José Andrés Torres Mora

El hombre sin opinión, y la opinión sin hombre


Las personas tienen derecho a cambiar de opinión. Sobre esa base se construye, por ejemplo, el ideal de la democracia deliberativa. Un ideal en el que es más importante llegar al acuerdo que a la votación. Un acuerdo al que se llega mediante el intercambio de ideas y opiniones; por cierto, un ejercicio arriesgado, porque nos exige la valentía de acudir al debate sabiendo que lo mismo podemos convencer que ser convencidos. Por eso los fundamentalistas saben bien que la mejor forma de mantenerse fieles a sus posiciones es no discutirlas con nadie, así no corren ningún riesgo.
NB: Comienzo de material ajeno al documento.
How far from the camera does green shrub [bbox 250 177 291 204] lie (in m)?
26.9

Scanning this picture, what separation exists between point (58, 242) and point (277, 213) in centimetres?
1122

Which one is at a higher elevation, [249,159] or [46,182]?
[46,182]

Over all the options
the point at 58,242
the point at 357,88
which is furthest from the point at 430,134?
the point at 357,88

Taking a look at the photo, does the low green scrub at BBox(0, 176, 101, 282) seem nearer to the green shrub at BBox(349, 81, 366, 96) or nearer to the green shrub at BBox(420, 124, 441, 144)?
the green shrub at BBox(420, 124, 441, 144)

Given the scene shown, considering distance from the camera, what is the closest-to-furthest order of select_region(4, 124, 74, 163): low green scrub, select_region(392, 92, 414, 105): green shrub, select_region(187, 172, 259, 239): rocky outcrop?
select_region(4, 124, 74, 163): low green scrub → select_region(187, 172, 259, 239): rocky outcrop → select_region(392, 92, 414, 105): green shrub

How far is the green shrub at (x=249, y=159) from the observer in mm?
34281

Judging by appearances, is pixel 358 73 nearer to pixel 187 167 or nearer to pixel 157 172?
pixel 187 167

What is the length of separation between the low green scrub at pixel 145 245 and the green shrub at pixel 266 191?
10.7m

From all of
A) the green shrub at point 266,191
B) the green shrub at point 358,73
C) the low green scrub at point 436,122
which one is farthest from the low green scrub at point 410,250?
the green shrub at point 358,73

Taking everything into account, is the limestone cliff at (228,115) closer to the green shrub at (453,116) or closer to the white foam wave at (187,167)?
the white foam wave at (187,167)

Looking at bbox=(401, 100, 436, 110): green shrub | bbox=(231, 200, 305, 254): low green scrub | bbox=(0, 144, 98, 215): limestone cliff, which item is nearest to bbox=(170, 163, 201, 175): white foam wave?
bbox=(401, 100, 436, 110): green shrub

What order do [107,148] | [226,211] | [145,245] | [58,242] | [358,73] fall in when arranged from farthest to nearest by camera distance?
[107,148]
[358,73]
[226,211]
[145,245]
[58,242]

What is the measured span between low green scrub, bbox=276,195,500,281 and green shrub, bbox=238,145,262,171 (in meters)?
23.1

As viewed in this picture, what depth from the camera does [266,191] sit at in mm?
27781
Por supuesto, esto de cambiar la opinión de los demás, o de que los demás nos cambien la nuestra, no se queda en el ámbito de la política, sino que se extiende por el resto de los ámbitos de la vida. Lo cierto es que lo vemos como algo perfectamente natural. Cuando finalmente convencemos al amigo de que la mejor opción es esta película en lugar de aquélla, no pensamos que el convencido sea más tonto por dejarse convencer; es más, con frecuencia tendemos a pensar que si no se deja convencer es porque se trata de alguien demasiado cerril. Lo mismo ocurre en sentido contrario, cuando un amigo nos convence es porque reconocemos que su idea es mejor, sin que ello sea un desdoro para nosotros, al fin y al cabo pensamos que hemos sido lo suficientemente inteligentes para aceptar que efectivamente nuestro amigo tiene razón.
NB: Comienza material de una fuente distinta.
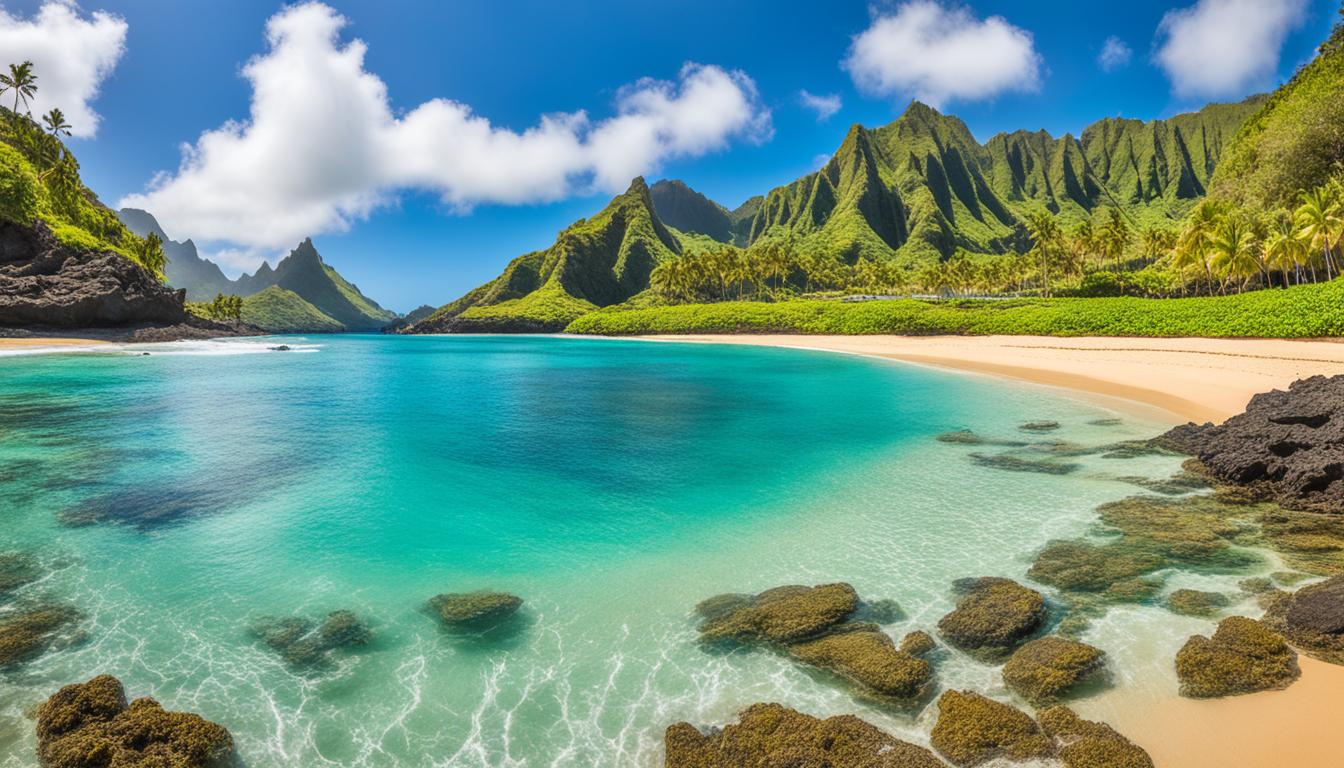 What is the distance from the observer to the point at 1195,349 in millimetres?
43062

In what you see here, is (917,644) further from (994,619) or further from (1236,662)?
(1236,662)

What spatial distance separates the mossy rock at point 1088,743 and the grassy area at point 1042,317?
47.3 meters

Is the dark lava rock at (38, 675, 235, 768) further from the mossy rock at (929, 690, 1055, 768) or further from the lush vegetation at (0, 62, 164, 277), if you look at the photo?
the lush vegetation at (0, 62, 164, 277)

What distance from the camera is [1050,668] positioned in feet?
24.6

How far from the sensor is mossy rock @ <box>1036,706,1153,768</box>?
5.90 metres

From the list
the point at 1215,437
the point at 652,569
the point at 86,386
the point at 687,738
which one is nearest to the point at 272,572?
the point at 652,569

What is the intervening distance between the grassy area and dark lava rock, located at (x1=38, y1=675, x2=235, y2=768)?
55207 mm

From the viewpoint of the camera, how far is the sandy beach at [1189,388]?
6.16 meters

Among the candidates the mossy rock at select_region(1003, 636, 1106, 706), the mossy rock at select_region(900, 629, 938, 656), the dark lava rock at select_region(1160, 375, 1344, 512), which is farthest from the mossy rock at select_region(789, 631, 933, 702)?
the dark lava rock at select_region(1160, 375, 1344, 512)

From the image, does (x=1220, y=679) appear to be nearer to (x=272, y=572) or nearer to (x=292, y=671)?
(x=292, y=671)

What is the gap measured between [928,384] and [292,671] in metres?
39.9

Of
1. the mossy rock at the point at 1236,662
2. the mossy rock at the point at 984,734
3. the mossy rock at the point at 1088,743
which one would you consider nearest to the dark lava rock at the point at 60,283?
the mossy rock at the point at 984,734

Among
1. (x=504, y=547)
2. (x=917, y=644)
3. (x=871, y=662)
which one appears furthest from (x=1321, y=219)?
(x=504, y=547)

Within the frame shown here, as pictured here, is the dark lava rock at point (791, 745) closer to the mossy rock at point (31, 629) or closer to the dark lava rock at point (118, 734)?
the dark lava rock at point (118, 734) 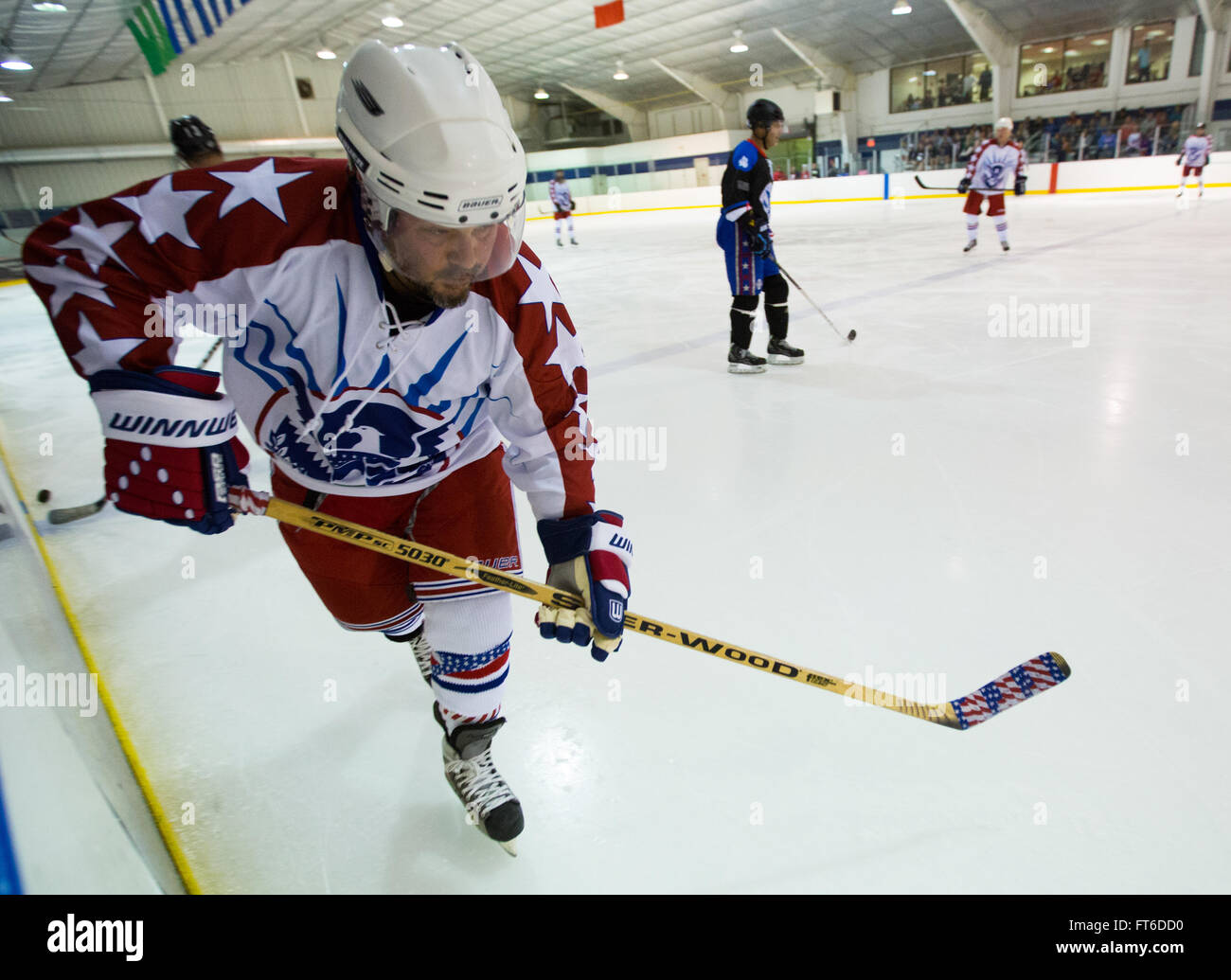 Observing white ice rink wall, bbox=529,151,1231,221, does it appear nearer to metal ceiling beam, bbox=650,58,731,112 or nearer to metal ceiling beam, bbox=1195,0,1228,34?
metal ceiling beam, bbox=1195,0,1228,34

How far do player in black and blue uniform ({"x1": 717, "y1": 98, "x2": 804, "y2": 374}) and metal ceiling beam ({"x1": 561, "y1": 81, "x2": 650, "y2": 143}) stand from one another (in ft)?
82.5

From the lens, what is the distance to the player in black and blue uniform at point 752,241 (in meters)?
3.99

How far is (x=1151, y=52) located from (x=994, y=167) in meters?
14.1

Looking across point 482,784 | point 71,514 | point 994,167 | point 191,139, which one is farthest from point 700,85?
point 482,784

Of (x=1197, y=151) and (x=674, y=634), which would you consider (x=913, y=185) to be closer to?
(x=1197, y=151)

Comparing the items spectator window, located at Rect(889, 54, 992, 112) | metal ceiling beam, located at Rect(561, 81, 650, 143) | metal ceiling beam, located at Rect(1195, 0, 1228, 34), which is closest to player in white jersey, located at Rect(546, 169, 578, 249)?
metal ceiling beam, located at Rect(1195, 0, 1228, 34)

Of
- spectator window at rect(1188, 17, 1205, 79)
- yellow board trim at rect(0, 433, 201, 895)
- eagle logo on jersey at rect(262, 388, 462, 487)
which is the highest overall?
spectator window at rect(1188, 17, 1205, 79)

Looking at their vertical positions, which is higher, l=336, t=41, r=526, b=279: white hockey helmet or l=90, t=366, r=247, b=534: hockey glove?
l=336, t=41, r=526, b=279: white hockey helmet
Digo todo esto porque quiero dejar bien claro que los cambios de opinión, en sí mismos, me parecen legítimos, y también que dichos cambios pueden decir cosas buenas de la persona que muda de opinión. Sin embargo, también es cierto que hay cambios de opinión que, por su frecuencia, o por su profundidad, suelen merecer la censura social. La gente que cambia de opinión a cada instante no nos merece mucho respeto, en realidad pensamos que lo que le ocurre es que no tiene opinión propia, con tantas opiniones lo que desaparece es su opinión: no tienen ninguna. Algo distinto ocurre con quienes cambian radicalmente de opinión, y es que son ellos los que se vuelven irreconocibles, pensamos que no puede ser la misma persona. Por eso, si cambiamos de opinión con excesiva frecuencia o profundidad debemos preocuparnos mucho de explicar nuestras razones, con objeto de que nuestra opinión siga siendo reconocida y nosotros reconocibles.
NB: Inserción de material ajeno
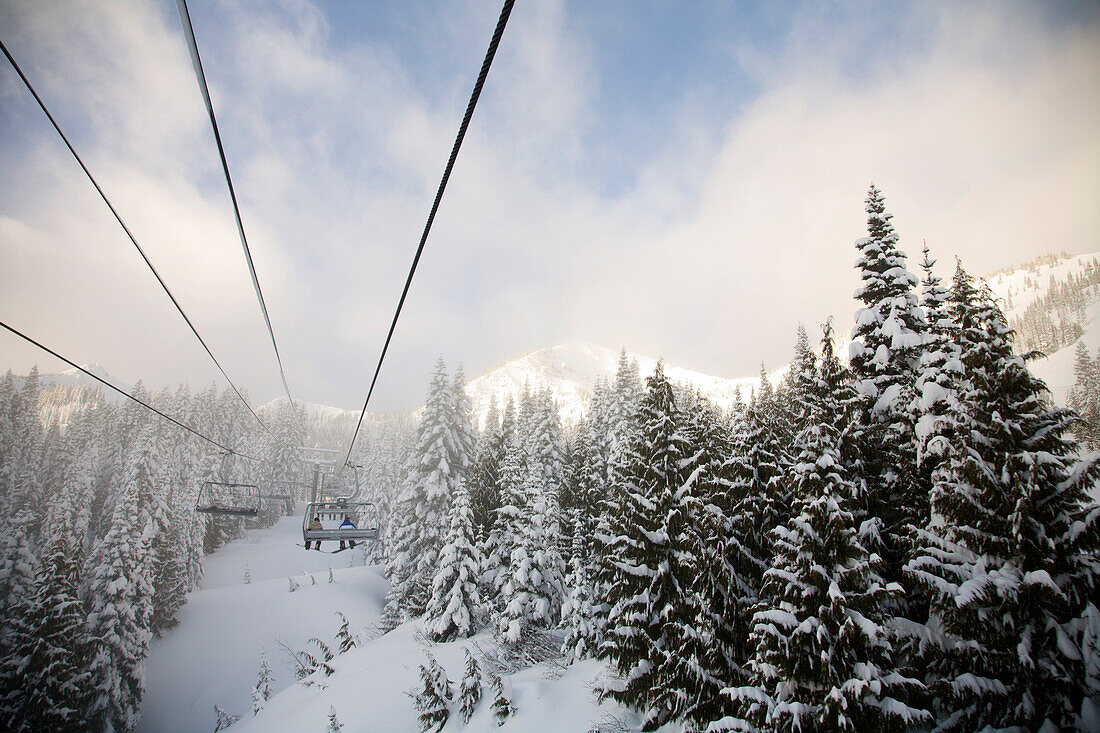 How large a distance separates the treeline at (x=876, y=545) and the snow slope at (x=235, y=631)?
2955 centimetres

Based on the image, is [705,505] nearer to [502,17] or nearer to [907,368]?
[907,368]

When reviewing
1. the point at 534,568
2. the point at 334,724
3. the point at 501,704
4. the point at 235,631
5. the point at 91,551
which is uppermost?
the point at 534,568

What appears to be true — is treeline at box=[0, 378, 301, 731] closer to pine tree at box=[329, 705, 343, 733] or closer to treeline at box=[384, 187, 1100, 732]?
pine tree at box=[329, 705, 343, 733]

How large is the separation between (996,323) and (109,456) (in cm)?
8357

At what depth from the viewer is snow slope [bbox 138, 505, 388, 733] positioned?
36.2 meters

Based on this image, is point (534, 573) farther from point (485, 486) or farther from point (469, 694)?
point (485, 486)

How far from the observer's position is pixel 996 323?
37.3ft

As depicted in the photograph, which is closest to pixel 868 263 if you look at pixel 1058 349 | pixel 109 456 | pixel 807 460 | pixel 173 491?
pixel 807 460

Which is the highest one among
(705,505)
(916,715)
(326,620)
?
(705,505)

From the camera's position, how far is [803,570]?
36.6 ft

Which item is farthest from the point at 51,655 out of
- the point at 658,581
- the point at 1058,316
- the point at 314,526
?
the point at 1058,316

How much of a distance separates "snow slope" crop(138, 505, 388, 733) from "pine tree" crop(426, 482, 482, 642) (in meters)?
18.1

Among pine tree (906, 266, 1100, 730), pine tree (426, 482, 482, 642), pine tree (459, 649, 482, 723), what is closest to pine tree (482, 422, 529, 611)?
pine tree (426, 482, 482, 642)

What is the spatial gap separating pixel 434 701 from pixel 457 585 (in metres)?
7.57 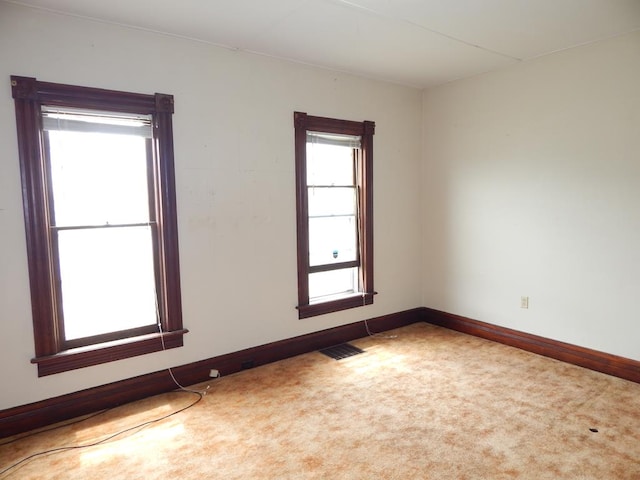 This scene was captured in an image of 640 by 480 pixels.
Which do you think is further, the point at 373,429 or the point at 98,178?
the point at 98,178

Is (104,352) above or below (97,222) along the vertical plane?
below

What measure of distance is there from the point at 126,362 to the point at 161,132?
173 cm

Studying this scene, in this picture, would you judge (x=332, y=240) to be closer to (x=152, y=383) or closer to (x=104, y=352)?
(x=152, y=383)

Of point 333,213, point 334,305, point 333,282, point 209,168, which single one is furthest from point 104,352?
point 333,213

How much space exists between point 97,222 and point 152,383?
128 cm

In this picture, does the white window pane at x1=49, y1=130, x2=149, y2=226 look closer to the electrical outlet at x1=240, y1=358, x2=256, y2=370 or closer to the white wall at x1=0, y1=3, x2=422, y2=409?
the white wall at x1=0, y1=3, x2=422, y2=409

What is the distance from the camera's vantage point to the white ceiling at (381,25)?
266 centimetres

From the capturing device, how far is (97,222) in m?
2.97

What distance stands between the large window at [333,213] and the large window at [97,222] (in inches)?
47.7

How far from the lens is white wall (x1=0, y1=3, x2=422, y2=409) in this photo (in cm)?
264

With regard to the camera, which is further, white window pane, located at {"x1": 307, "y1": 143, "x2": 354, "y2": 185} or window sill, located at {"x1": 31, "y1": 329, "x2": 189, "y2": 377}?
white window pane, located at {"x1": 307, "y1": 143, "x2": 354, "y2": 185}

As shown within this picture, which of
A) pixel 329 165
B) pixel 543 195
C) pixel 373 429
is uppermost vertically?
pixel 329 165

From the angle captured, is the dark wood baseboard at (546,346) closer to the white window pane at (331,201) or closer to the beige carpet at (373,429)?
the beige carpet at (373,429)

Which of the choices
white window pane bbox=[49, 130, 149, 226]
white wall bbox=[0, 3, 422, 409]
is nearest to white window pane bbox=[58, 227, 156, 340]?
white window pane bbox=[49, 130, 149, 226] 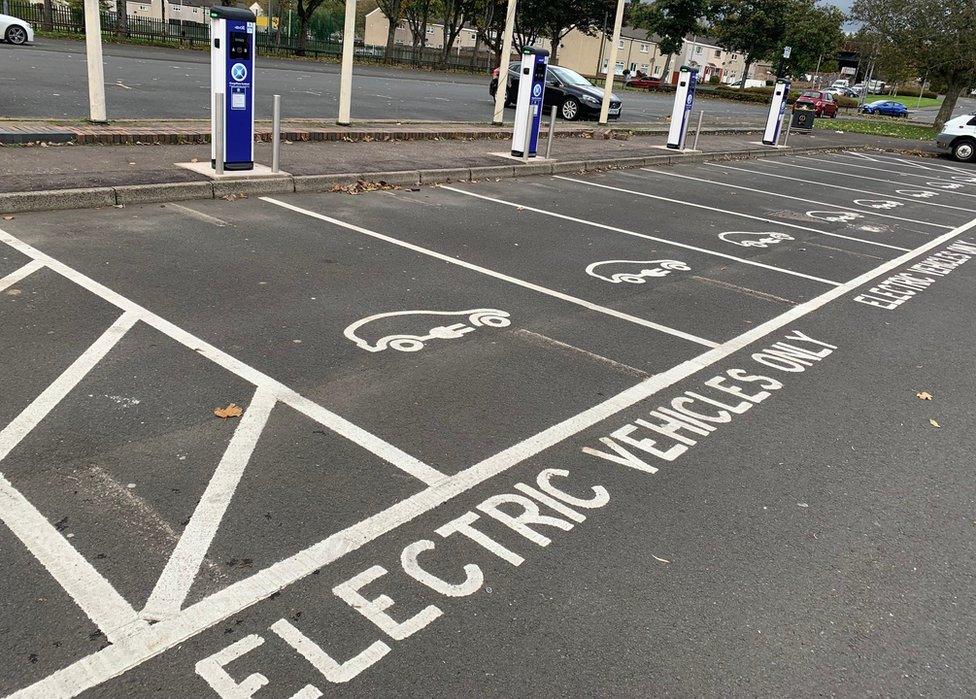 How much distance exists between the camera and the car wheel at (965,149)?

Si ustedes leen las siguientes dos frases verán lo que quiero decir:

“Si los únicos que han sido inflexibles, los únicos que han sido inmovilistas, los únicos que han sido irracionales, tomasen la decisión de dejar de ser, de dejar la violencia, yo sabría ser generoso” (José María Aznar 1998).

“Derrotar a ETA significa que no se suplique, se mendigue cada día la banda terrorista que haga algún gesto, alguna declaración, publique algún documento que se pueda llevar al próximo mitin y que justifique la colección de cesiones que se le están regalando” (José María Aznar 2011).

A uno le cuesta pensar que ambas frases sean de la misma persona. Cuesta reconocer al Aznar de 1998 en el de 2011, o al de ahora, entonces. La fuerza con la que emerge la nueva opinión viene a ser equivalente a la fuerza con la que desaparece el hombre que la formula. Sabemos lo que piensa Aznar, pero no sabemos quién es. Y lo mismo ocurre con quienes le aplaudían, no sabemos quienes son, y en algún caso, ni lo que piensa(n). Y eso en política es letal. También en la vida.